- Born: 1 October 1929 Milan, Italy
- Died: 28 September 2025 (aged 95) Milan, Italy
- Occupation(s): Journalist, television author
- Known for: Popularising slow-motion analysis on RAI's La domenica sportiva

= Carlo Sassi =

Italian sports journalist (1929–2025)

Carlo Sassi (1 October 1929 – 28 September 2025) was an Italian sports journalist and television author, widely credited with popularising systematic slow-motion analysis on Italian television and helping to define the language and ritual of football debate for decades. He became closely associated with the moviola segment on La domenica sportiva, where from the late 1960s he turned slow-motion replays into a weekly interpretive tool that shaped Sunday night discussions of refereeing and the culture of Italian football.

== Early life and education ==
Sassi was born in Milan on 1 October 1929. As a teenager he sought a playing career in football, including a trial with Inter Milan and a contract with Angerese in Serie C before choosing to leave the professional game. He subsequently played at amateur level for several seasons and then worked in a bank for nine years, a sequence often cited as a prelude to his move into broadcasting.

== Career ==
Sassi joined the national broadcaster RAI in 1960 and from the outset worked on La domenica sportiva, the country's longest-running sports programme. Within that newsroom he became identified with an innovation that soon defined Italian football coverage, namely the systematic use of slow-motion review, or moviola, to re-examine contentious incidents. Elements of slow motion had been shown on air earlier on 28 February 1965, when Enzo Tortora introduced the moviola to the audience of La domenica sportiva, but Sassi developed the practice into a regular interpretive instrument for match controversies.

A widely noted turning point came on 22 October 1967 during the Derby della Madonnina between Inter Milan and AC Milan, when Sassi and film editor Heron Vitaletti scrutinised Gianni Rivera's disputed goal frame by frame, inaugurating the "moviola" as an investigative rubric rather than a mere replay. Rai Teche later credited Sassi, with Vitaletti's contribution, for proposing and standardising the moviola feature from 1967 within La domenica sportiva, a format that became a national reference for post-match debate. Over subsequent seasons he refined the approach from selecting episodes to offering on-air analysis, and in the 1980s he fronted segments devoted to contentious incidents that brought direct discussion of individual episodes to a mass audience.

Sassi remained a central figure on La domenica sportiva until 1991, by which time the moviola had become a fixture of Sunday night television and an arena in which refereeing judgment and football culture met in ritualised post-match review. He then participated in RAI's early 1990s formats around the programme's renewal, appearing alongside Sandro Ciotti during the 1992 relaunch of La domenica sportiva. From 1993 he was part of Quelli che... il calcio, conceived by Marino Bartoletti and launched with Fabio Fazio, a Sunday show that mixed live connections and studio commentary and prominently featured Sassi's expertise until 2001.

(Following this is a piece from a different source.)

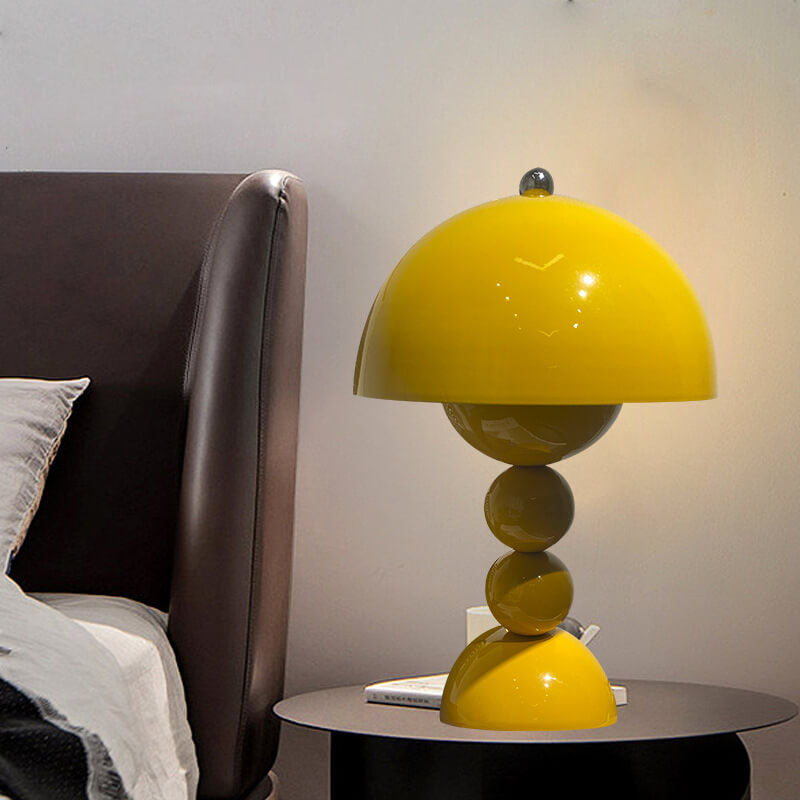 Modern Luxury Green Pumpkin Ceramic Table Lamp with 1 Light - Ideal for Night, Living Room, Bedroom, Office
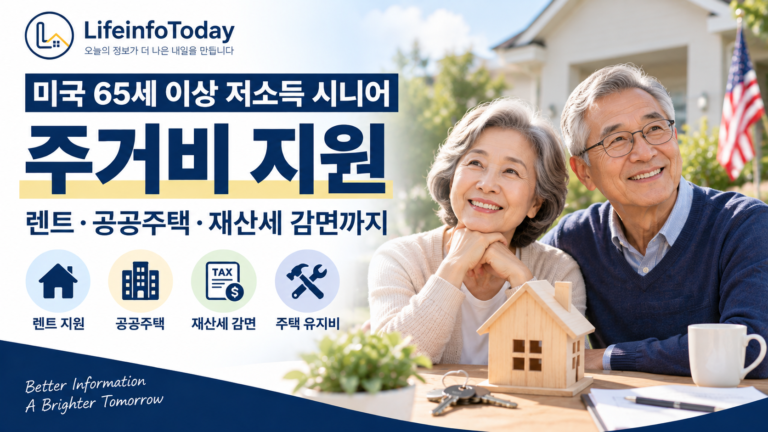 미국 저소득 시니어 주거비 지원에 대해 소개하는 글 이미지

Beyond the studio Sassi reflected on the scope and limits of television review, arguing that slow motion should not be treated as a definitive evidentiary instrument but as an aid to understanding that coexists with the fallibility of play and officiating. He also figured in later debates over the famous 1981 Juventus and A.S. Roma "gol di Turone," when interviews revived longstanding controversies and prompted renewed discussion in the national press.

== Death ==
Sassi died in Milan in September 2025, at the age of 95.